Mas a cabeça não é um bom lugar bom para os ex. amores, pois em algum momento você vai precisar se concentrar em outras coisas. Então é preciso levá-los para outro lugar do seu corpo, onde não vão te incomodar. O problema é que você pode estar segurando um ex. amor entre os dentes. Seja sorrindo e fingindo que está tudo bem. Ou falando muito dele para quem quer que seja. Como um boi ou uma vaca, você está ruminando esta história. A bebida também é uma tentativa de engolir. Mas sempre volta com a ressaca, por isso não resolve. Beijar outras pessoas também não adianta. Às vezes, há tantos desejos calados, tantas palavras não ditas, tanta raiva reprimida, que chega a inflamar a garganta. Neste caso, você vai precisar se questionar se ainda há alguma coisa que deva ser dita. Se você expressou tudo o que poderia. Caso positivo, enquanto dança, pense em tudo que ainda precisa dizer. Em algum momento, se fizer sentido, isso poderá ser dito. Uma alternativa também é escrever no celular ou em um guardanapo na festa. Mas é preciso ter cuidado porque muitas vezes temos a impressão de que faltou algo, quando tudo já foi dito. Importante lembrar que o limite do que você precisa dizer não depende de ser compreendido. Só entende quem quer. A mesma canção que sintoniza corações também pode ser apenas ruído para ouvidos insensíveis. As palavras, mesmo que se repitam como um refrão, não mudam o outro, quando saem da sua boca. É você quem se transforma com elas, quando as escuta. E as palavras que não são suas. São a letra de todas as músicas. Aproveite que você está em uma festa e cante. Como se nunca tivesse cantado antes.

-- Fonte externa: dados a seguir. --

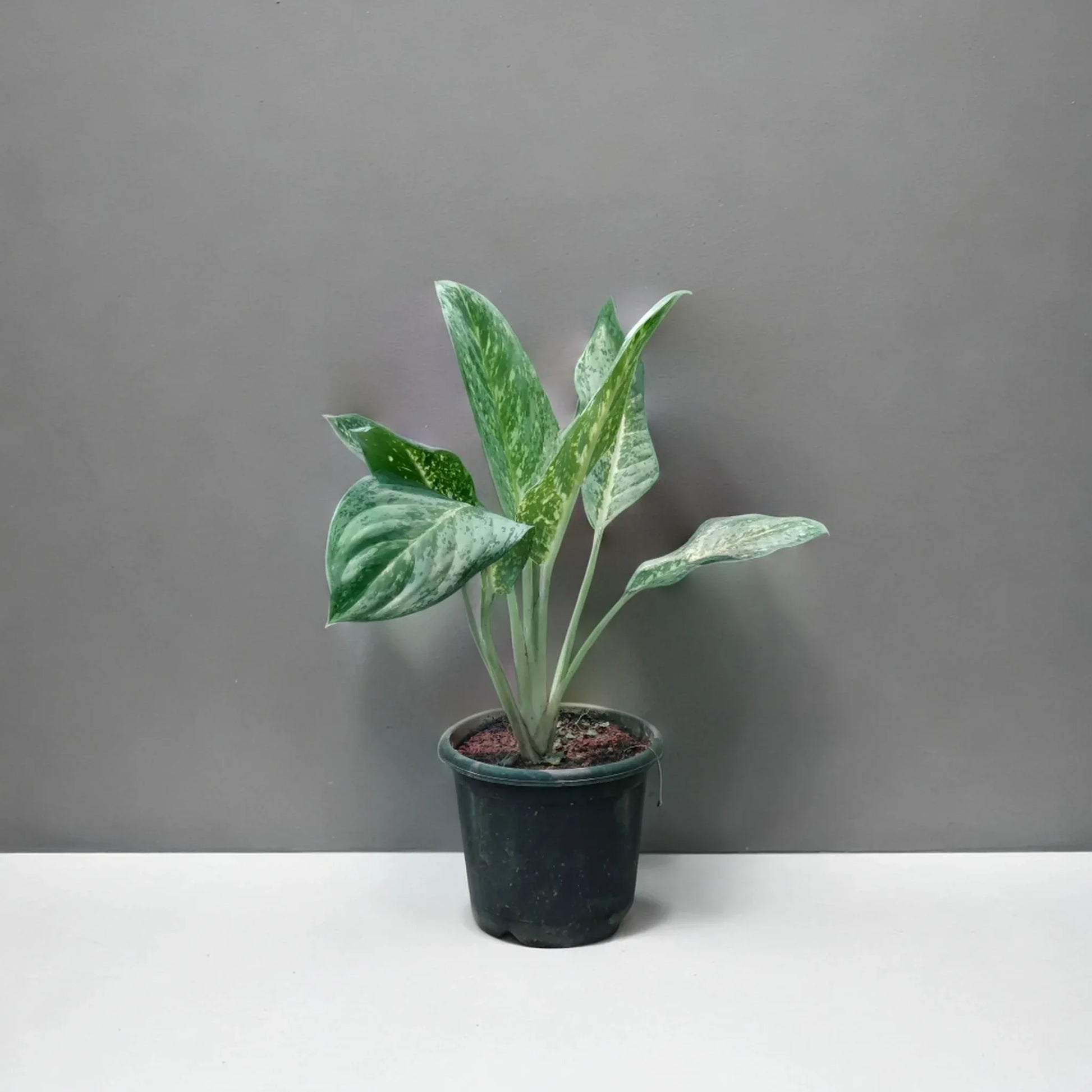 Aglaonema: The Easy-to-Care-For Indoor Plant That's Perfect for Low-Light Conditions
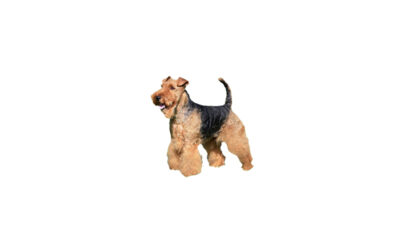 welsh terrier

Só que depois de passar pela boca, a pessoa amada vai ter que passar pelo seu pescoço, um lugar muito estreito, sobretudo se estiver tenso. Recomendo então, para alongar, que você gire a cabeça, olhando de canto a canto, reparando em todas as pessoas que estão em volta. Repare que você não está sozinho na pista. Se você se sente muito burro por não ter feito nada diferente, saiba que isso já aconteceu com toda essa gente. Cada um desses desconhecidos, inclusive o que você escolheu para representar seu ex., já foi a pessoa amada de alguém. Mas esta figura não te causa realmente nada, porque quem dá sentido para o outro é você. Com o seu pescoço, você pode dirigir o olhar e escolher que direção seguir. Experimente alongar ao máximo a parte de trás do pescoço, até encostar o queixo no peito, mexendo os ombros e viajando na música. Desse jeito, vai poder olhar para si próprio. Melhor ainda, feche os olhos se coloque a seguinte questão: qual o melhor lugar para guardar um amor [mesmo que mal] passado? Agora abra os olhos e veja a resposta.
Seu peito é o único lugar vasto o bastante para caber aquela pessoa que não sai da sua cabeça. Lá, ela vai ficar confortável dentro de você e te deixar em paz. No mesmo coração que você amou este e os outros, poderá amar todos. Não há limites. Sinta este amor por todas as pessoas nesta festa. E se pintar uma tristeza, agradeça, sem pena de si mesmo. Você tem um coração perfeito. Que sangra, como todos os outros. Pronto, agora você pode chorar. De agora em diante, livre de culpa, ou da sensação de injustiça, com o tempo, você pode até se tornar amigo do seu ex-amor. Ou então mandá-lo do fundo do coração, para o raio que o parta. Repita a operação tantas vezes quanto for preciso. Sempre convide os amigos. E lembre-se sempre: Em caso de dor, dance.